Character Profile: Charlie Richter-Thomas (to be revised soon)

(Note 8/15/2010: This profile will soon be updated to include Charlie's appearances in the Dictel Saga [Bad Company, Black Science, etc.] and Spanner as well as Dirty Pop and its upcoming sequel Bigger Better Faster MORE!)

Dirty Pop revolves around Charlie. She's the main character, and the narrator who tells the tale of her own adventures. So who is Charlie Richter-Thomas, really? She is the star of two of the four novels I've written for NaNoWriMo, so I'm giving Charlie her first public character profile since I created her.

In Bad Company (NaNoWriMo 2007), she is the very first character to appear in the main story, and with her sister Desiree one of the two narrators.
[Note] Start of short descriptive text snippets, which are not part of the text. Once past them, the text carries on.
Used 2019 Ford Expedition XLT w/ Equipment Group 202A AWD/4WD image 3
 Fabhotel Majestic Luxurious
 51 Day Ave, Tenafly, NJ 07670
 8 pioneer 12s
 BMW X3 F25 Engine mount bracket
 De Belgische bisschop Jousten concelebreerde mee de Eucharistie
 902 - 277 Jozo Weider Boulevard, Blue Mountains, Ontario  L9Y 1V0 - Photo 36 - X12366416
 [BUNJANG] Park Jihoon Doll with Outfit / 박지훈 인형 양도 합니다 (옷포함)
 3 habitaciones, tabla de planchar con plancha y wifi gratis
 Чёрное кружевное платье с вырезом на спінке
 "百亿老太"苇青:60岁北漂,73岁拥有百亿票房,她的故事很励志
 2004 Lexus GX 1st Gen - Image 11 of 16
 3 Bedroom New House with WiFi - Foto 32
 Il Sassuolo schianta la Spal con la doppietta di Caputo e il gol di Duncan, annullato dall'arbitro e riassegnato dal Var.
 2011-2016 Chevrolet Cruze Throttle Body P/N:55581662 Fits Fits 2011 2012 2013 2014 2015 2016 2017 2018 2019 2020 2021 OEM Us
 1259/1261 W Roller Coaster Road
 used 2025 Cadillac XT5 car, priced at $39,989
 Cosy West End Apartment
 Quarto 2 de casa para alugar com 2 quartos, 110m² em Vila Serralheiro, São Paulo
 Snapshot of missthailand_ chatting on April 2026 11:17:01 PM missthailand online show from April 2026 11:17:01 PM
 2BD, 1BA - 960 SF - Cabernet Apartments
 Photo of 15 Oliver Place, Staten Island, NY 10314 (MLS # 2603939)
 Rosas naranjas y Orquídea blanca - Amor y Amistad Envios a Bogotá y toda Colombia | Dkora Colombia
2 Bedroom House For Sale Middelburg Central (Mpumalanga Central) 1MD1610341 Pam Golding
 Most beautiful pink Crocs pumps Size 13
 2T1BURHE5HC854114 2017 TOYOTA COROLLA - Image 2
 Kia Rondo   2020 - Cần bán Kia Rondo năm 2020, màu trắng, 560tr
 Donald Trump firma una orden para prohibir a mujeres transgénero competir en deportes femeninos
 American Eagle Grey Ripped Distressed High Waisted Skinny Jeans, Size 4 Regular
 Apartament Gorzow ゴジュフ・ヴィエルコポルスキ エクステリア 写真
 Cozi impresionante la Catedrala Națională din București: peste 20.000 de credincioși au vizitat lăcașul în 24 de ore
She is the fallen pop star who uncovers a monstrous conspiracy surrounding the murder of her reporter fiancé by the giant military conglomerate Dictel Corporation in the novel's opening scene, and must overcome her bad reputation in order to get the news out to an indifferent and seemingly doomed world. In Dirty Pop (NaNoWriMo 2009), she tries to build a singing career of her own, independent of her tyrannical cult-leader stage mother, only for it to be threatened with destruction by the record industry.

Here I should mention some of the history of the character of Charlie. I originally created her as a supporting character for Shira Thomas, main character of Spanner, my manga project that I've been working on, on and off, since 1992. Charlie is one Shira's older sisters on her father's side. I created her back in the mid-'90s, though I'd have to make a long search of my many project notebooks to figure out exactly when. Originally she wasn't a singer, even though I'd been exposed to the "idol singer" phenomenon in Japanese anime for years by the time I created her. She really only came into her own when I made her one of the pivotal characters in Bad Company.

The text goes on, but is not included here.